Publié par : cbernier | 27 février 2012

Une Nuit qui se poursuit

Vous auriez aimé profiter d’Art Souterrain lors de la Nuit blanche, mais n’avez pas pu? Pour la première fois cette année, l’événement dure plus qu’une nuit. En effet, la plupart des œuvres sont restées sur place et peuvent toujours être admirées. Jusqu’au 11 mars, Art Souterrain vous invite aussi à différentes activités en liens avec l’art. Pourquoi s’en passer?

J’en ai profité, évidemment, et j’ai bien aimé cette édition. J’ai constaté, une fois de plus, que les gens sortent peu des lieux connus et n’osent pas découvrir les souterrains, passages et autres halls qui ponctuent la visite. Et pourtant! Ne faites pas comme eux, allez profiter de l’ensemble du circuit qui vous est offert. C’est un long 7 km, qui a toutefois perdu une partie de son exposition, mais le contexte inhabituel dans lequel les œuvres vous sont présentées rend l’expérience tellement intéressante!

Mes coups de cœur, cette année, sont les ballons noirs intitulés « Sous Pression III », du collectif Padejo (au Palais des congrès) et la piscine « 1000 m. », d’Émilie Fortier (sous le Centre CDP Capital). Vous pouvez aller les voir sur place, jusqu’au 11 mars, ou les découvrir à travers leur fiche sur le site web d’Art Souterrain.

Évidemment, sur place, c’est plus intéressant, surtout pour certaines œuvres, interactives. Il y en avait plusieurs cette année, ce qui est sûrement un des points forts de l’exposition 2012. Entre autres « Notes de passage », de Stéphanie Leduc (corridor entre la Place Ville-Marie et la Gare Centrale), où on peut produire des notes en les touchant. Une vidéo nous invite même à chorégraphier une musique avec d’autres passants !

Un bémol toutefois du côté de l’organisation, sans géolocalisation très précise, il peut être difficile de retrouver une œuvre avec ces simples indications… Seule la carte générale aide un peu…

Ma Nuit de réflexions…

Maintenant, un petit retour sur la Nuit blanche, telle que je l’ai vécu. Cette année, j’ai débuté par une activité ludique offerte par le restaurent Accords. J’ai fait une image en « lightpainting » avant de passer aux choses sérieuses : une exposition-partenaire du documentaire Sous la ville (sur les rivières souterraines), en préparation en ce moment et dont je vous avais parlé ici avec le texte Dans les entrailles de Montréal.

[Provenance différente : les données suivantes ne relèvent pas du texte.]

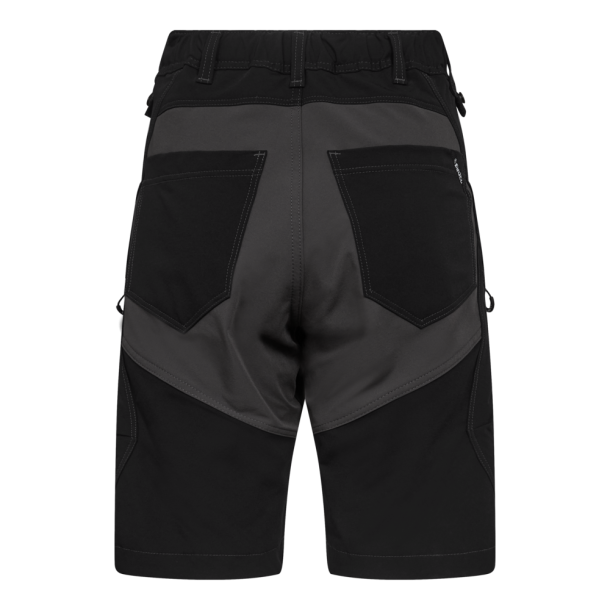 F Engel X-treme dame arbejdsshorts med 4-vejs str�k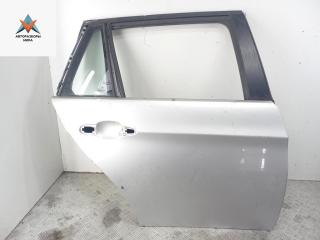 дверь сдвижная BMW 3 серия E90/E91/E92/E93 2005, серый, универсал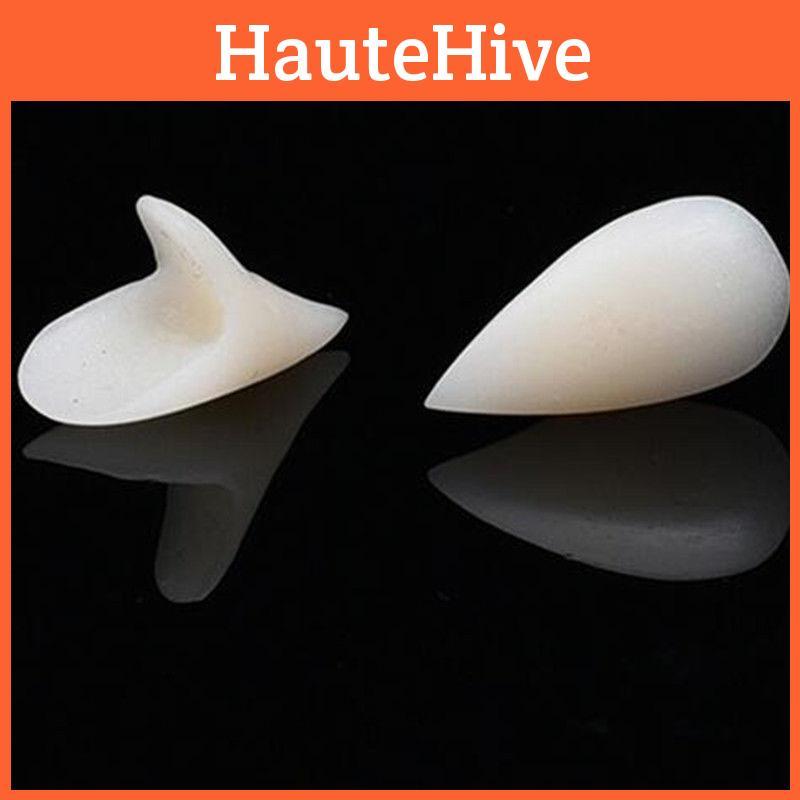 Prémiová kvalita Halloweenské Cosplay Zuby Upíří Zuby S Klasickými Čerty Pro Párty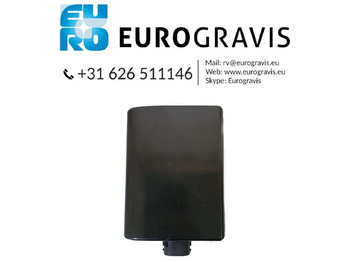 Unidad de control DAF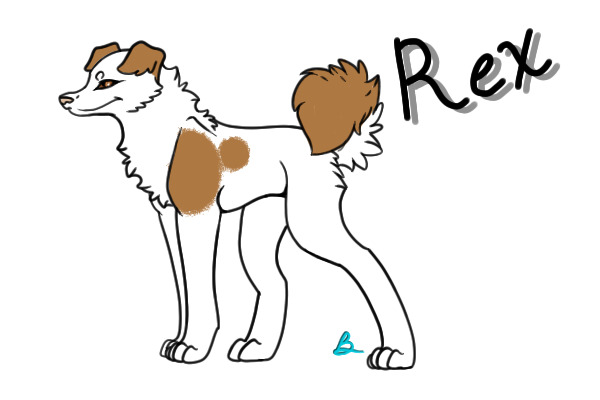 Rex <3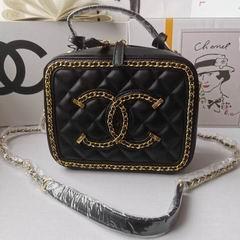 1:1 Replica Chanel Bags WX8221 2colors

Plusieurs activités de la Nuit blanche cherchaient à susciter notre réflexion sur des enjeux d’actualité, ou même portaient un regard philosophique sur la vie. Comme l’exposition Règne Artificiel, de Rosalie Dumont-Gagné, encore à l’affiche à l’Espace Cercle Carré jusqu’au 15 mars.

C’est un des avantages de la Nuit blanche, nous permettre d’entrer sans gêne dans des lieux inconnus, d’oser… Ou de retourner vers ces lieux plus connus, mais qu’on côtoie peu, comme le Belgo (un édifice réunissant des dizaines de galeries d’art sous un même toit au centre-ville). La Nuit blanche est aussi l’occasion de revivre une expérience presque mystique, chaque année, soit entrer au Gésù. Toujours sous un éclairage dramatique, le lieu regorge de prestations surprenantes, toujours très particulières. L’année prochaine, je me promets de consulter leur programmation avant d’y aller, le Gésù propose tellement d’activités!

Malheureusement, sans horaire centralisé, c’est très difficile de planifier sa soirée pour ne pas arriver en plein entracte. Car la Nuit blanche en offre une foule de prestations, partout. Mal indiquées, sans horaire accessible, disséminées aux quatre coins de la ville. J’ai eu la chance de voir la fin d’un miniconcert de harpe électrique offert par M’Michèle, entre autres, mais avoir su, je ne l’aurais pas raté! Si j’avais une proposition à faire aux organisateurs, ce serait celle-là : offrir un calendrier détaillé de toutes les activités de la Nuit blanche, de la programmation prévue par tous les lieux partenaires de l’événement.

L’année prochaine, ce sera la 10e édition de la Nuit blanche et la 5e d’Art Souterrain, réservez donc tout de suite votre samedi 23 février 2013, ça risque d’être une Nuit exceptionnelle!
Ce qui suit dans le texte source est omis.